After the disappearance of big-game hunters, some archaic groups survived by becoming generalists rather than specialists, foraging in seasonal movements across the plains. The groups though did not abandon hunting altogether, but utilized wild plant foods and small game. Their tools became more varied, with grinding and chopping implements becoming more common, a sign that seeds, fruits and greens constituted a greater proportion of their diet. Also, there occurred the emergence of pottery-making societies.
Despite the early advent of farming, late Archaic groups still exercised little control over their natural environment. Furthermore, wild food resources remained important components of their diet even after the invention of pottery and the development of irrigation. The introduction of agriculture never resulted in the complete abandonment of hunting and foraging, even in the largest of Archaic societies.

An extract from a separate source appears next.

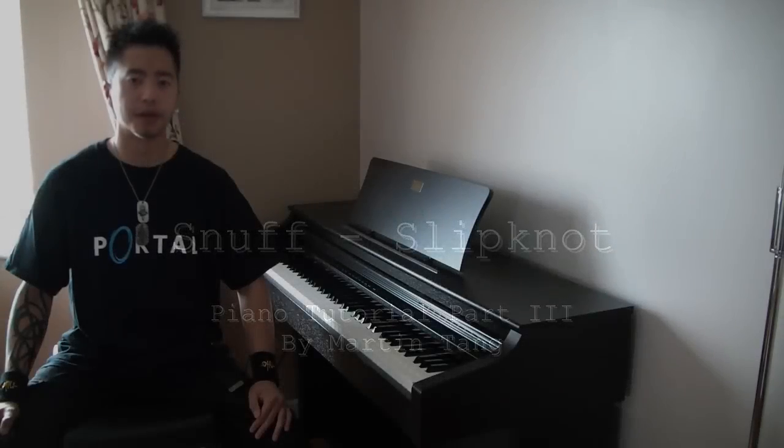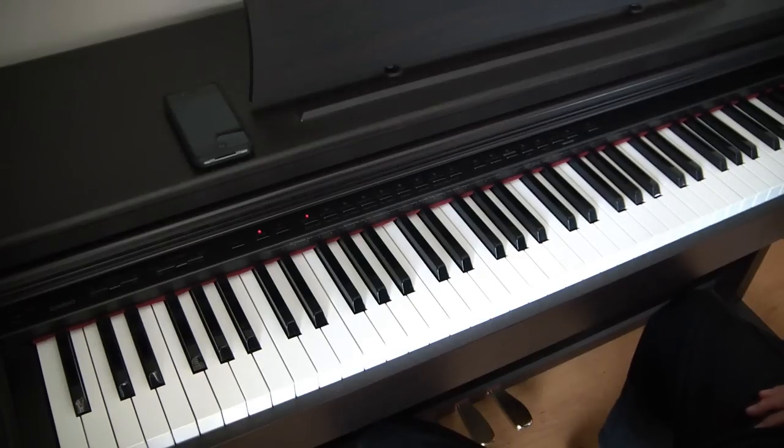Welcome to this snuff tutorial for piano. In this lesson we'll be working on the small section that links the first verse, which we covered last lesson, and the chorus, which will be next lesson. As usual, we're going to recap what we did last lesson and then lead straight into this little link section that is the main focus of today's lesson.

Because of the burgeoning trade up the Missouri River from St. Louis, especially following Lewis and Clark's expedition, the United States Government sought to form government posts throughout the area. On May 8, 1827, Cantonment Leavenworth, or Fort Leavenworth, (named in honor of Henry Leavenworth) was built just inside Indian territory to guard travelers on the United States' Western frontier. This was the first permanent settlement of white Americans in the future state of Kansas. A section of the Santa Fe Trail through Kansas was used by emigrants on the California Trail and Oregon Trail, which opened in the 1840s. The westward trails served as vital commercial and military highways until the railroad took over this role in the 1860s. To travellers en route to Utah, California, or Oregon, the future state of Kansas was an important way stop and outfitting location. Wagon Bed Spring (also Lower Spring or Lower Cimarron Spring) was an important watering spot on the Cimarron Cutoff of the Santa Fe Trail. Other important locations along the trail were the Point of Rocks and Pawnee Rock.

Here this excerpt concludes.